Indeed, in attempting to raise a genuine dispute of material fact as to whether Defendant's “misclassification” was willful, Plaintiff relies on the fact that Defendant learned in April 2020 that Amazon would require its supplied delivery drivers to be classified as employees. But Plaintiff's argument is premised on the idea that Defendant's drivers for Amazon and the drivers it continued to classify as independent contractors performed the same duties under the same circumstances, leading to the conclusion that it was therefore willful to continue classifying any delivery driver as an independent contractor after April 2020.
The Court uses quotations only because no finding of misclassification has yet been made.

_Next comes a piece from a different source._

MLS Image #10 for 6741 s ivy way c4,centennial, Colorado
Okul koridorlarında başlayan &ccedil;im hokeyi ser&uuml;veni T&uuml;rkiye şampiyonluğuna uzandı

In support of this premise, Plaintiff cites Kantor's 30(b)(6) deposition at pages 12-13, in which he testifies to the exact opposite. Kantor Dep. 12:9- 13:24, ECF No. 85-1 (testifying both that the Amazon drivers' jobs differ from the other delivery drivers' jobs and that the “actual delivery work duties” vary between Amazon drivers and other delivery drivers). Accordingly, Plaintiff has failed to show that the fact that Amazon required its drivers to be treated as employees suggests that Defendant's continued classification of its other drivers as independent contractors was willful.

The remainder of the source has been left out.